女子選手の大会に “肉体的には男子の選手” が出場して良いのか

 セメンヤ選手の件で問われているのは「女子選手の大会に “男子選手の肉体能力” を持った選手が出場して良いのか」です。

 「生まれつき男性と同じ身体能力を持った女性」や「身体は男性だが、精神は女性」といったアスリートが実際に存在するのです。これらのアスリートが “女子の大会” に出場する資格があるのかが問われているのです。

 なぜなら、上述のアスリートが女子大会への出場を認められると、他の女性アスリートを身体能力で圧倒することになるからです。「競技の公平性」が根幹から揺らぐことになるため、“男性の身体” を持つアスリートが『女子大会』から排除されるのは止むを得ないと言えるでしょう。

 これを否定されると、男子と女子でカテゴリー分けを行う根拠自体が消滅することになるからです。

 

国連人権理事会は「女子選手が男子大会に出場できないのはおかしい」との批判もすべきだ

 国連の人権理事会は「規定は差別」と決議し、スポーツ仲裁裁判所に圧力をかけていました。ただ、この姿勢は欺瞞と言わざるを得ないでしょう。

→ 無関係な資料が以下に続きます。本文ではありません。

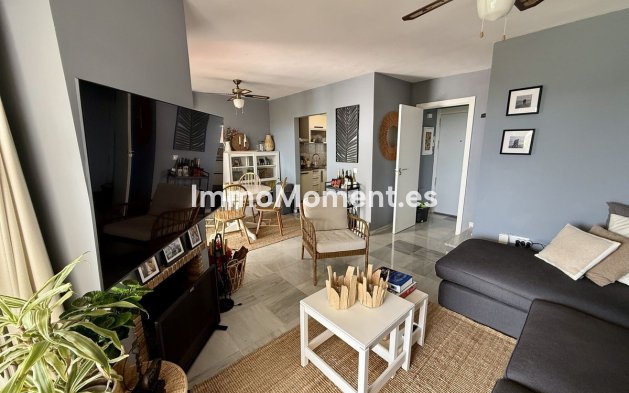 Revente - Maison mitoyenne - Mijas - Mijas Costa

 なぜなら、「女子選手が男子の大会に出場できない現状」には文句を言っていないからです。「男性(の身体を持つ)アスリートが女子の大会に出場できないこと」を批判するなら、男女の立場を入れ替えた形が認められていない状況も批判しなければならないからです。

 つまり、男女によってカテゴリー分けが行われていることがおかしいと主張しなければ筋が通らないのです。

 そうすることで、セメンヤ選手のように “疑惑を持たれた選手” が出てくることはなくなるでしょう。また、「出場選手数の増加」が IOC を悩ますこともなくなると期待できます。これは男女の区別をなくすことで参加選手の絶対数を減らせるからです。

 これらのメリットがあるにもかかわらず、「女子選手が世界最高を決める男子の大会に出場できない」という “門前払い” の是正に乗り出していない時点で国連人権理事会の存在価値は乏しいと言わざるを得ないでしょう。

 

 競技の公平性を保つために「男女」、「体重別」、「年齢」という形でカテゴリー分けが行われています。これは “優位性を持つ選手” が「下のカテゴリ」に参加できないようにすることが目的の現実的な制約です。

 これを取り払ってしまうと「身体能力が優れたアフリカ系」か「大柄な体格を有するヨーロッパ系」にルーツを持つ男性アスリートしか勝てなくなるでしょう。これを防ぐための制約が存在することは止むを得ないと言えるのではないでしょうか。